Connect me with people who need academic editing.
March 17, 2010 3:47 AM   Subscribe

Are there any websites that hook up editors with students willing to pay for paper-editing?

I'd like to make some extra money editing/proofreading academic papers (queue egregious grammar mistakes in this question!), but advertising on Craigslist or in my student newspaper feels sketchy--like I'll get people who won't pay or who expect me to write an entire paper for them.

Are there reputable places (especially websites) that hire graduate students for editing/proofreading work, preferably per-project jobs for students who need help or an extra eye on their writing? I've seen online forums that hook up students and tutors, and would like to find something similar with academic writing/editing. Ideally, such a site would both provide me with (or let me bid on) editing jobs and would also act as a middleman for payment.

I'm not interested in full-time work or "breaking into the business"--just a few jobs on the side from time to time. I have read this and this and this one too.
posted by ollyolly to Work & Money (8 answers total) 14 users marked this as a favorite
 
EssayWriters.com might be an example of what I'm looking for--a site that requires a graduate degree.
posted by ollyolly at 4:11 AM on March 17, 2010


I think you mean "cue" :)
posted by CharlesV42 at 4:23 AM on March 17, 2010 [1 favorite]


I think a pay-service is a little sketchy, but that may be just my own feelings. Part of writing a paper in college is the editing and structuring of the thing, and to pay someone to do that for you seems like a shortcut.

That said, everyone needs a second set of eyes to look over an important essay - and that's why most universities and colleges offer free one-to-one writing assistance and editing to their students. I don't really see there being a market for this kind of thing except for students who are looking to pay their way through harder assignments.
posted by Think_Long at 6:30 AM on March 17, 2010


There are hundreds of these services online. For example dissertationadvisors.com seem to be hiring freelancers.
posted by roofus at 6:34 AM on March 17, 2010 [1 favorite]
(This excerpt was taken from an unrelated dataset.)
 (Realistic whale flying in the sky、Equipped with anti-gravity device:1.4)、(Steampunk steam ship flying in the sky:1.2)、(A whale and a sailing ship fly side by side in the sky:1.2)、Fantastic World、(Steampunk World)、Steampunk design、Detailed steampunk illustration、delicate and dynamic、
Um... queue up? These questions are magnets.

Thanks for the link.
posted by ollyolly at 6:40 AM on March 17, 2010


Just stepping in to suggest avoiding American Journal Editors (AJE). They recruit every year at my school, offering "more than $30/hour for work you'd do in your lab anyway" and promising that for most papers, it ends up being pretty straight forward.

When you get into the process (with them at least) you'll discover that you only get paid a fixed rate for every paper, and in order to get $30/hour, you need to CRANK through the paper. Everyone in my lab (for a lark) decided to try doing this and all of us found that our take-home pay was less than minimum wage. The papers we got were termed "typical" - e.g., that there could be substantively more difficult papers that we were to work on, and almost unilaterally were written by foreign students in English. We were expected not only to correct spelling and grammar but to heavily edit the papers for quality- when we failed to do so, it was sent back to us with comments attached that we needed to "work more diligently".
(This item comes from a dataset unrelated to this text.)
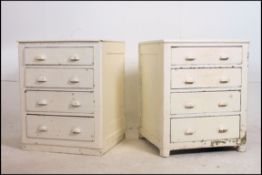 A pair of Victorian large Industrial painted pine pedestal chest of drawers.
Moreover, while the editor gets paid a pittance (I'm forgetting the amount, but something like $40 for shorter papers, $50 for longer papers, and $70 for papers dozens of pages long), the company AJE rakes in 3-5x the amount.

Anyway, we all found it an exasperating experience and all 7 of us quit soon after we were "accepted" as editors (they have you go through a paper editing qualification and course that takes a while). Incidentally, when we quit, they contacted us to ask "why?" and when we explained, they said that we should try to work faster, that that was how "everyone else" made $30+/hour.

So that's one at least to avoid. The only positive is that if they accept you after the first "test edit" that the next test edit is paid, at least, but they're really a bad company. So much for being a graduate student startup!
posted by arnicae at 9:51 AM on March 17, 2010


It's fine to get paid for coaching a student who's having trouble. But, IMHO, it's simply dishonest to "improve" an assignment that's not good enough to turn in. That's why all the term paper "assistance" sites I've ever seen are crooked. A student who can't write an acceptable paper shouldn't get a free pass due to your re-write.

Would you trust a doctor or a lawyer who could complete a course only with outside help?
posted by KRS at 11:41 AM on March 17, 2010


No really - it is "cue". As in, "Cue the band." But then again, queue as in "queue up" seems to make a lot of sense too. Maybe queue is used in the British English version of the expression?